Return the stretch from the line with "Изображение 1 для" through the line with "USED HMT JANATA" in the data below, character for character, skipping all pictures.

(Caption-style text data)
::::::::::

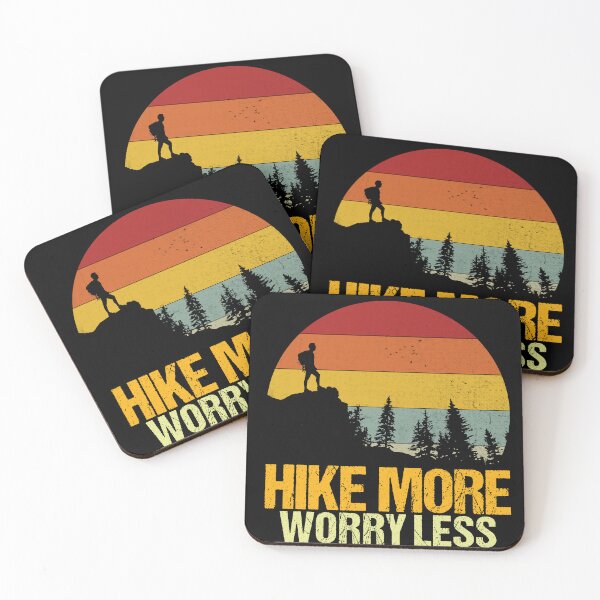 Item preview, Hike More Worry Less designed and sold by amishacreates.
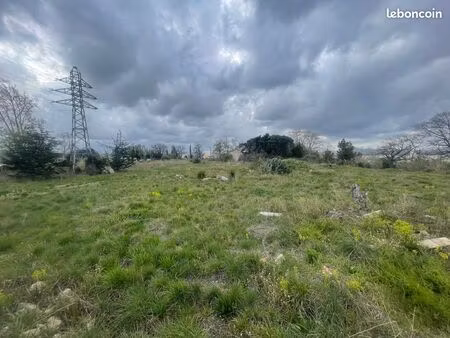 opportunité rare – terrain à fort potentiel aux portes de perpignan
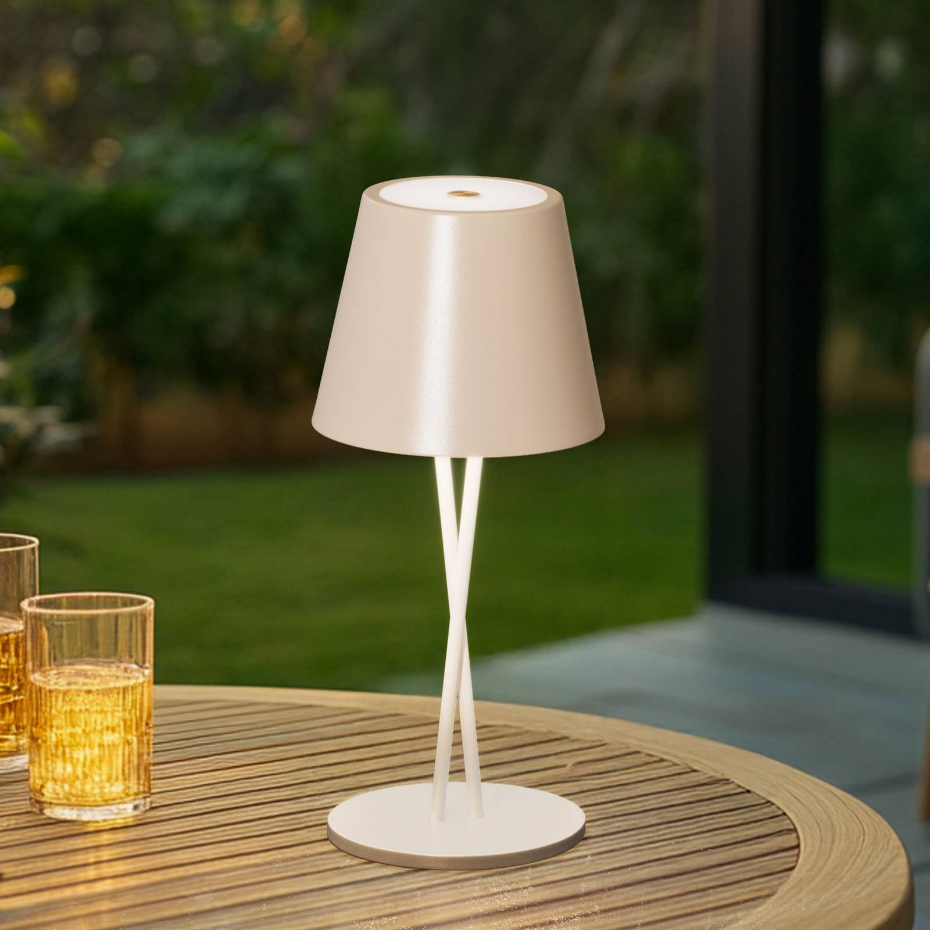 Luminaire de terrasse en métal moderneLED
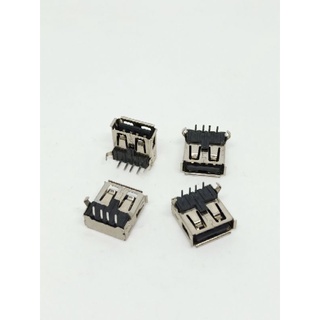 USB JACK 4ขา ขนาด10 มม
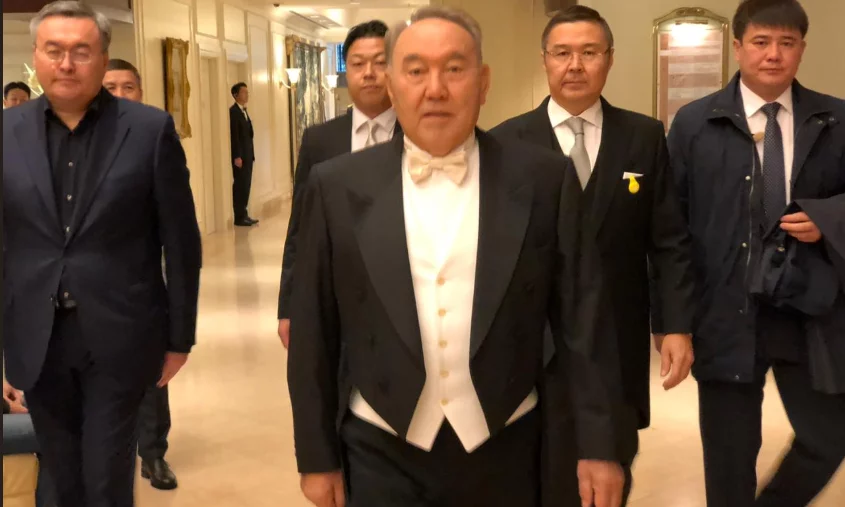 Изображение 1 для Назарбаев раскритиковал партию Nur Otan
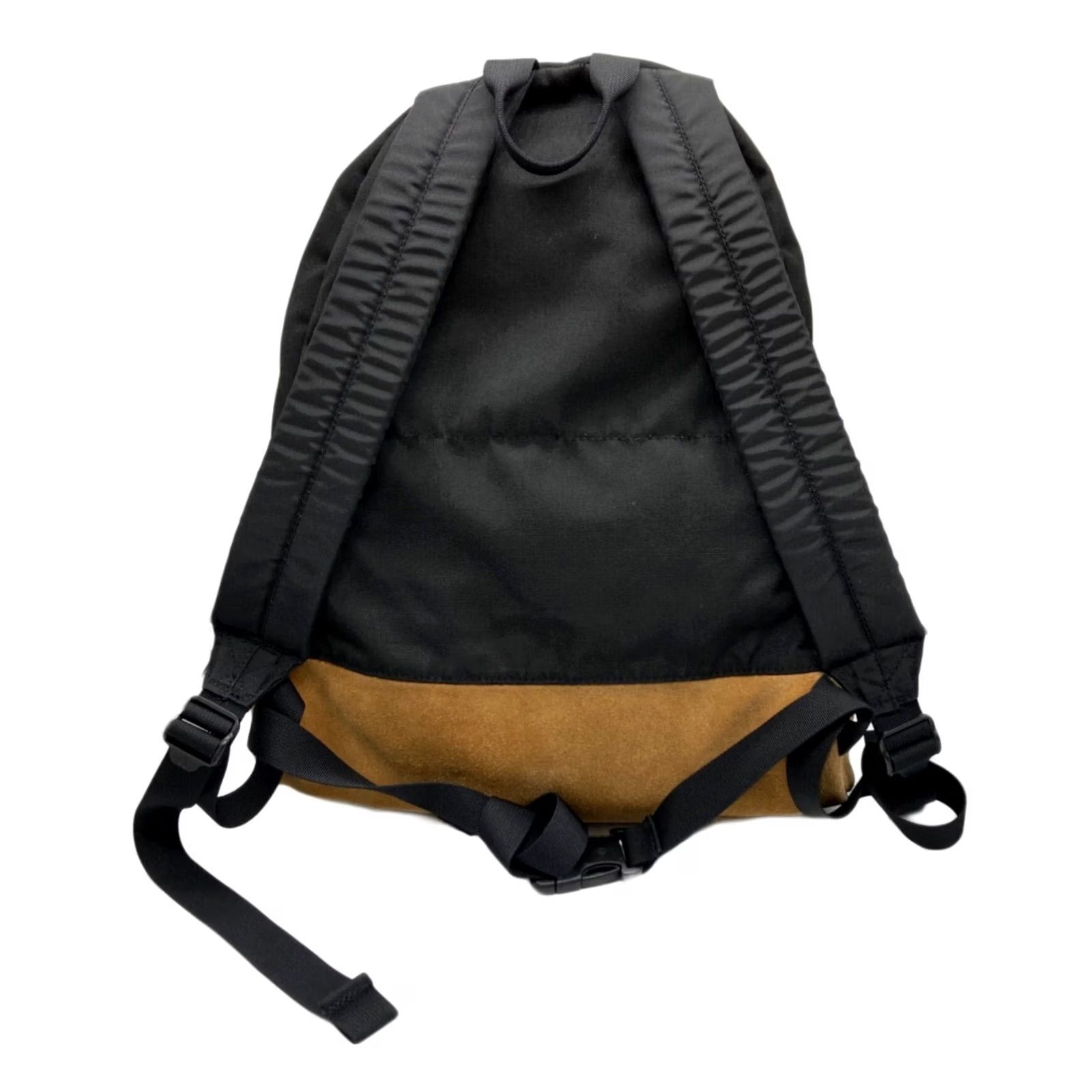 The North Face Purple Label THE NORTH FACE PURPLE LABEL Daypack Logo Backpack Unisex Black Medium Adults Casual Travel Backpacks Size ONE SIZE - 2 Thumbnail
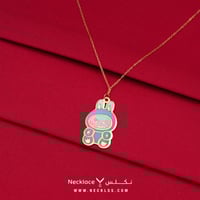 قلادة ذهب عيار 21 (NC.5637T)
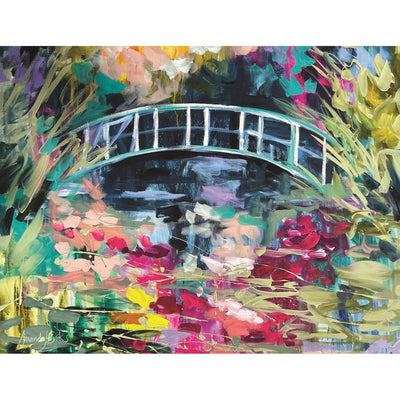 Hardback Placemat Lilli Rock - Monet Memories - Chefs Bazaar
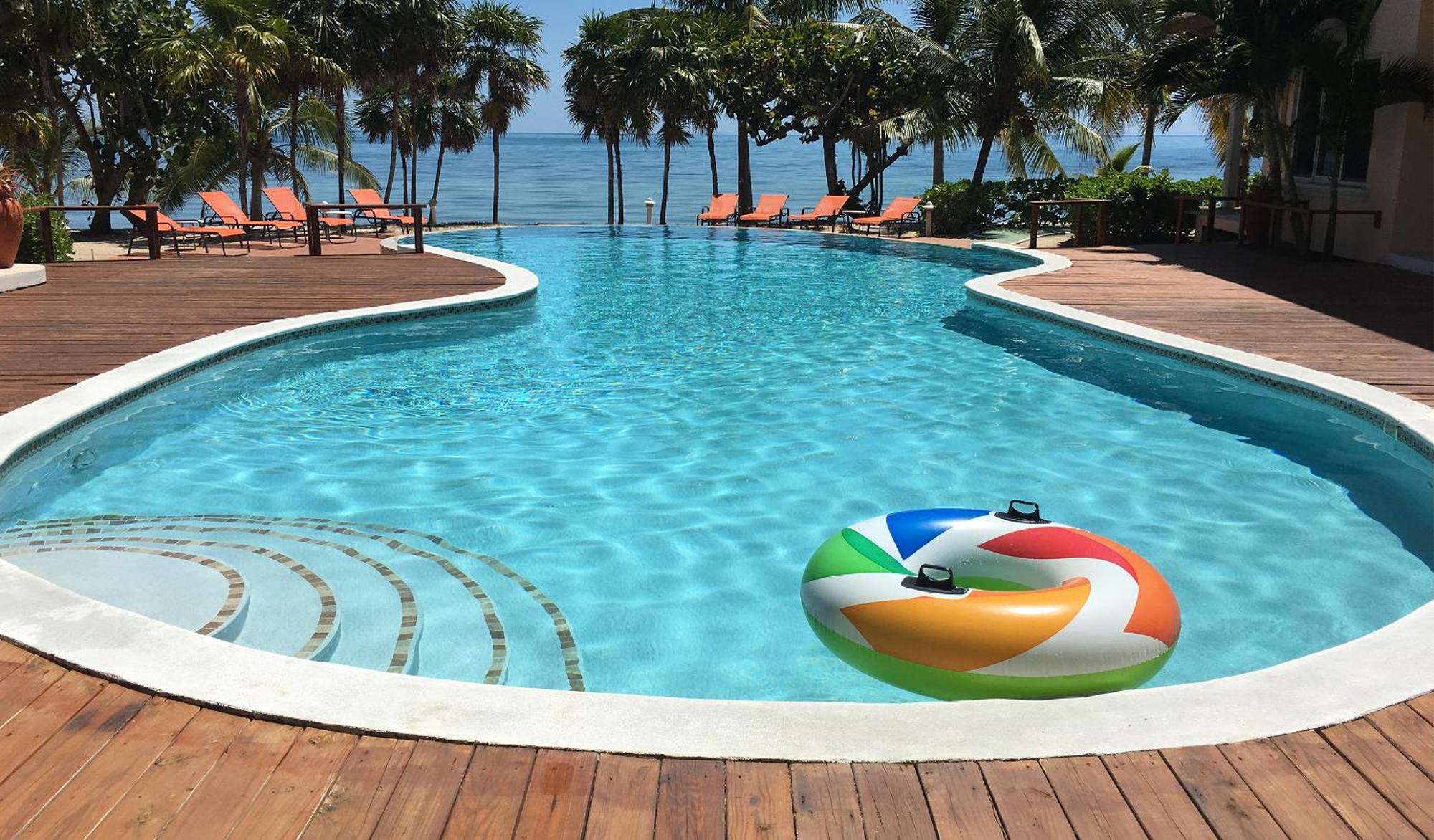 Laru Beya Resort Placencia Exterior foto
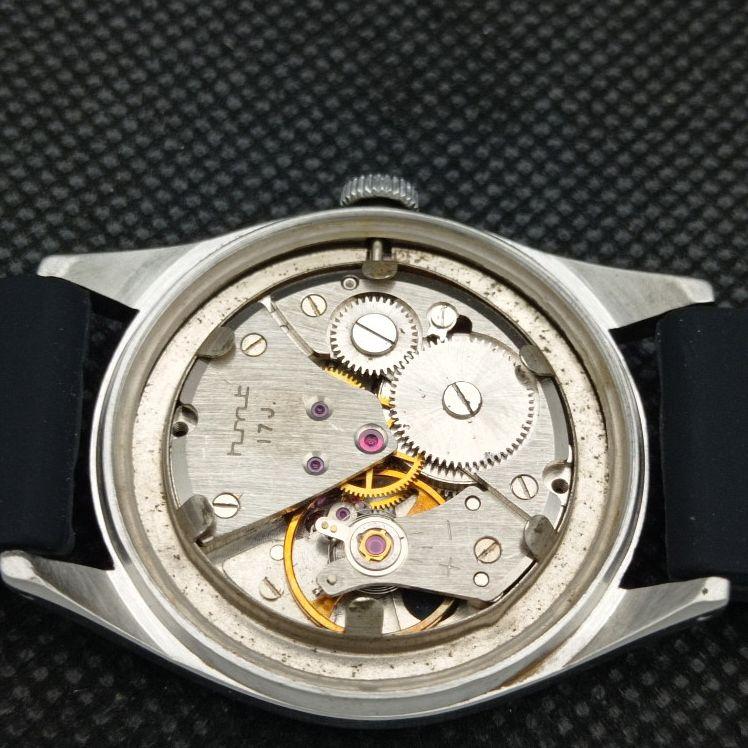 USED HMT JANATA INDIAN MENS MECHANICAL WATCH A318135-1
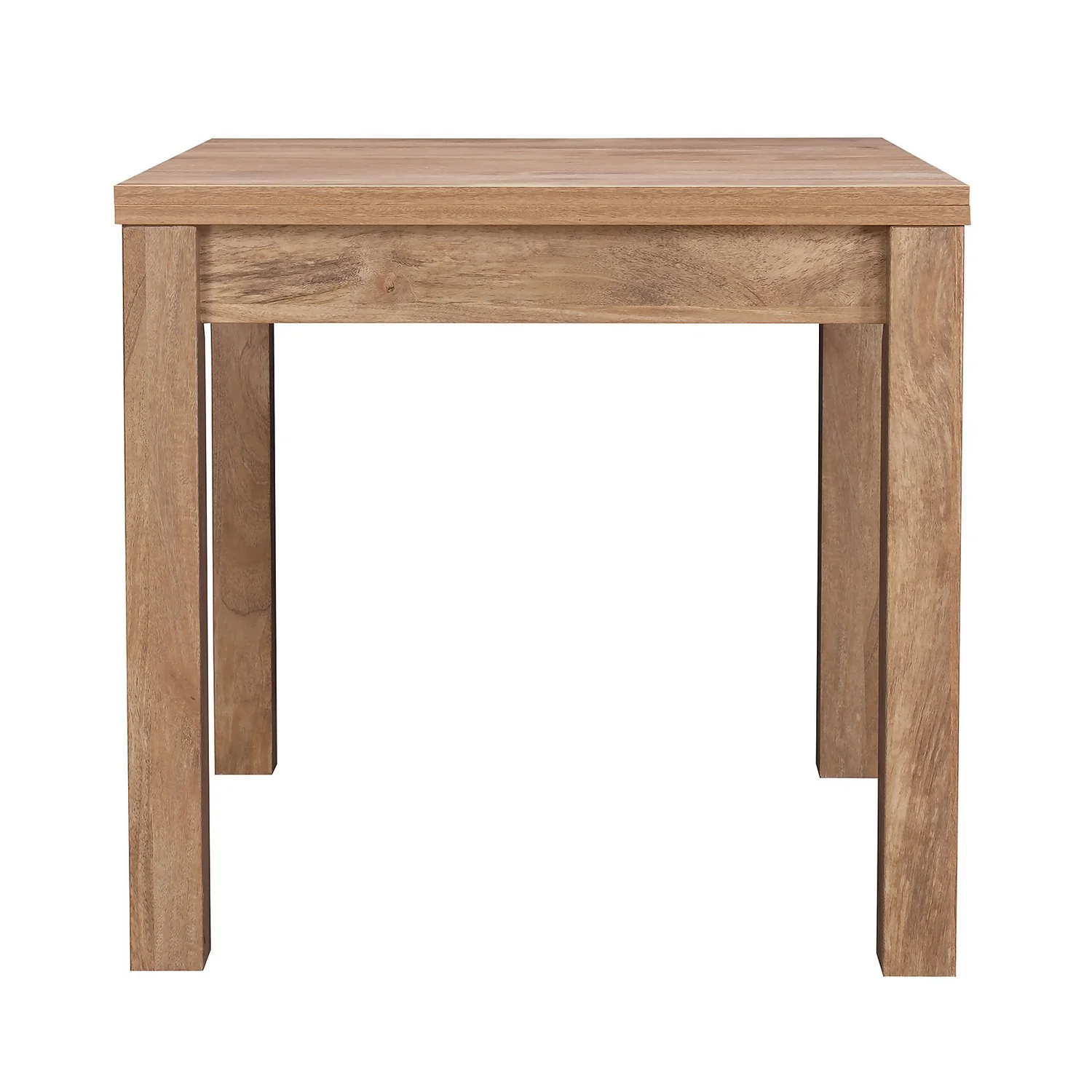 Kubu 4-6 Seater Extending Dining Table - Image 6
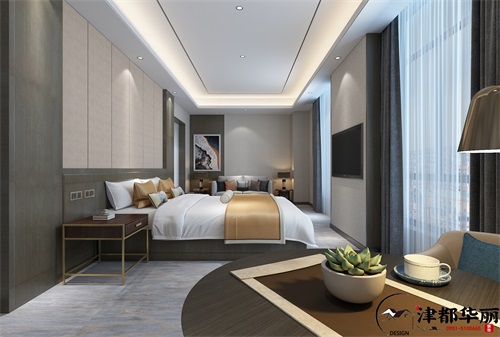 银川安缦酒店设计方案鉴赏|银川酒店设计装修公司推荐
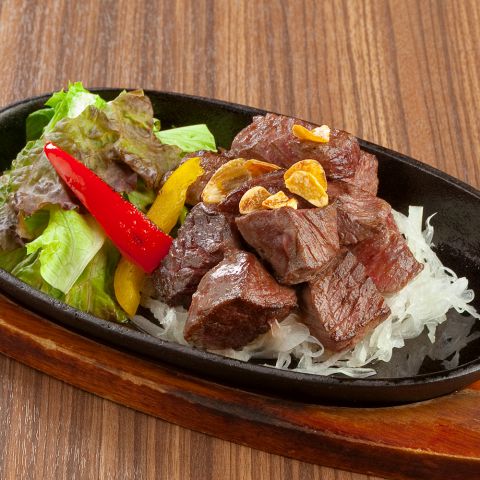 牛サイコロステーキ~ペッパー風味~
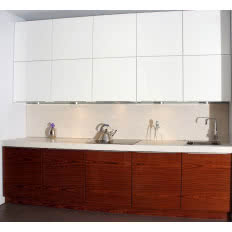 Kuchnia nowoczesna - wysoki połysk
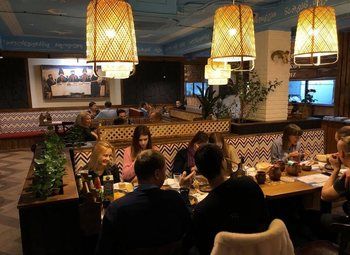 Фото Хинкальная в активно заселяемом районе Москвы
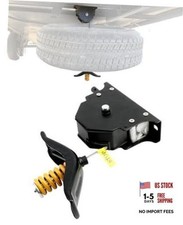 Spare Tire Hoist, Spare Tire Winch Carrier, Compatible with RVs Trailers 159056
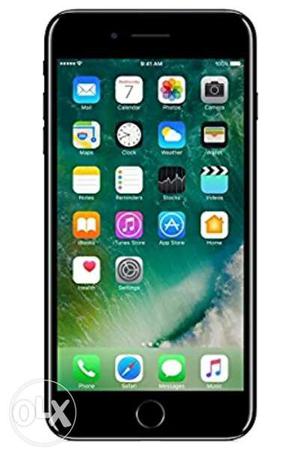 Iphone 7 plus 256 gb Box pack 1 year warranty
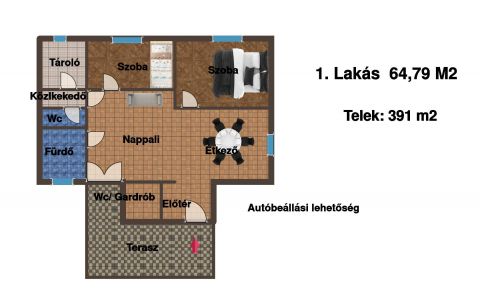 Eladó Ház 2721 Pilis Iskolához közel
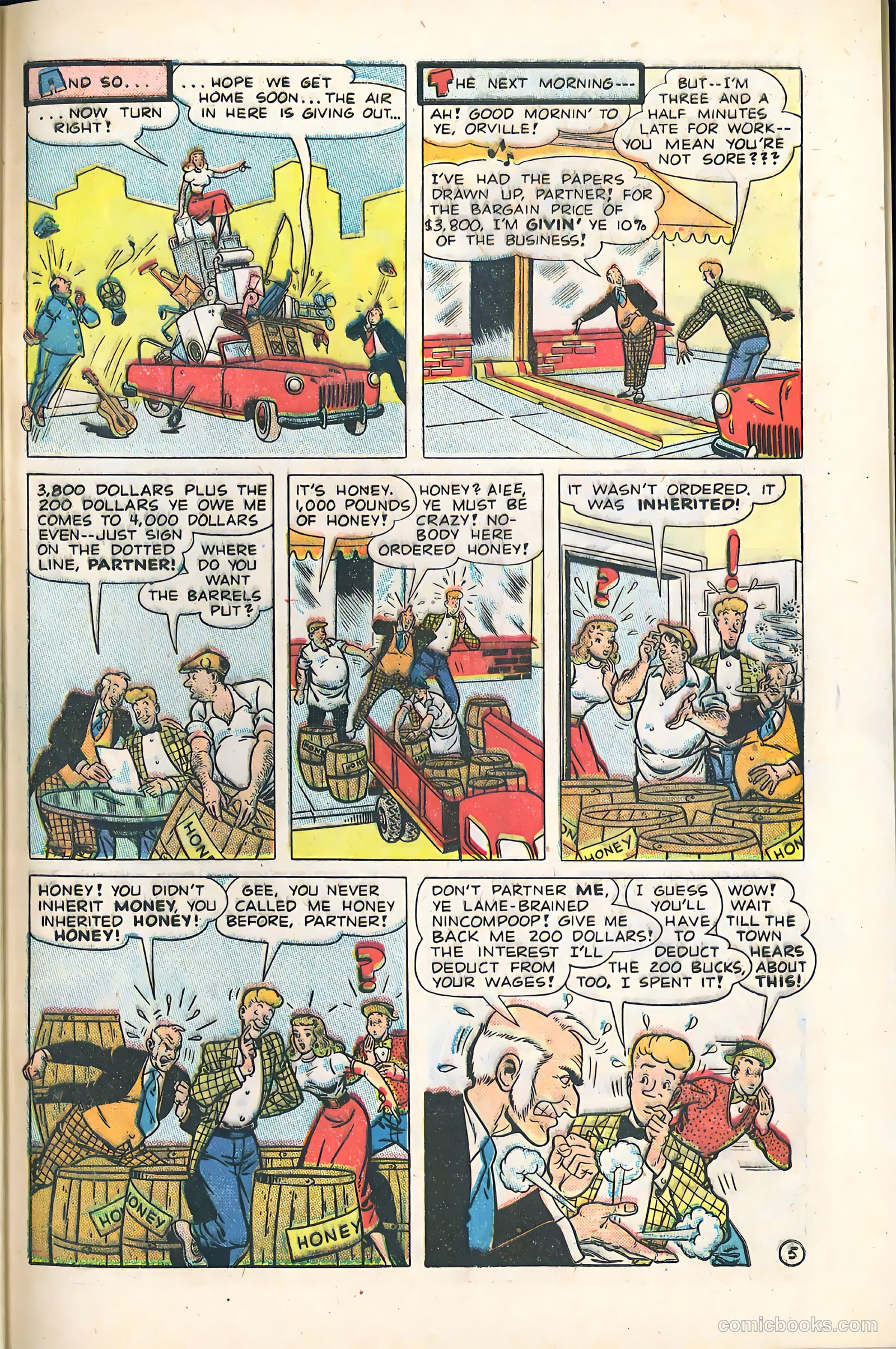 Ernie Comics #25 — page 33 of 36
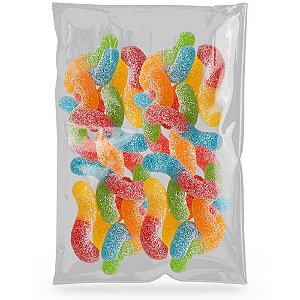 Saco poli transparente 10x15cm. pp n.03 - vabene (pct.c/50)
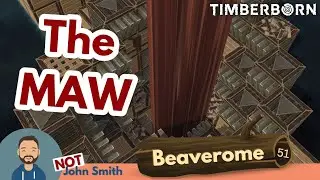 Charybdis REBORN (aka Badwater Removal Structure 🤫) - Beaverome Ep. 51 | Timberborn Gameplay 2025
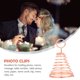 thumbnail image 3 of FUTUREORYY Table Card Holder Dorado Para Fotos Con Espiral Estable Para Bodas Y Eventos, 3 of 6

::::::::::

§ Written reply:
 Изображение 1 для Назарбаев раскритиковал партию Nur Otan
 The North Face Purple Label THE NORTH FACE PURPLE LABEL Daypack Logo Backpack Unisex Black Medium Adults Casual Travel Backpacks Size ONE SIZE - 2 Thumbnail
 قلادة ذهب عيار 21 (NC.5637T)
 Hardback Placemat Lilli Rock - Monet Memories - Chefs Bazaar
 Laru Beya Resort Placencia Exterior foto
 USED HMT JANATA INDIAN MENS MECHANICAL WATCH A318135-1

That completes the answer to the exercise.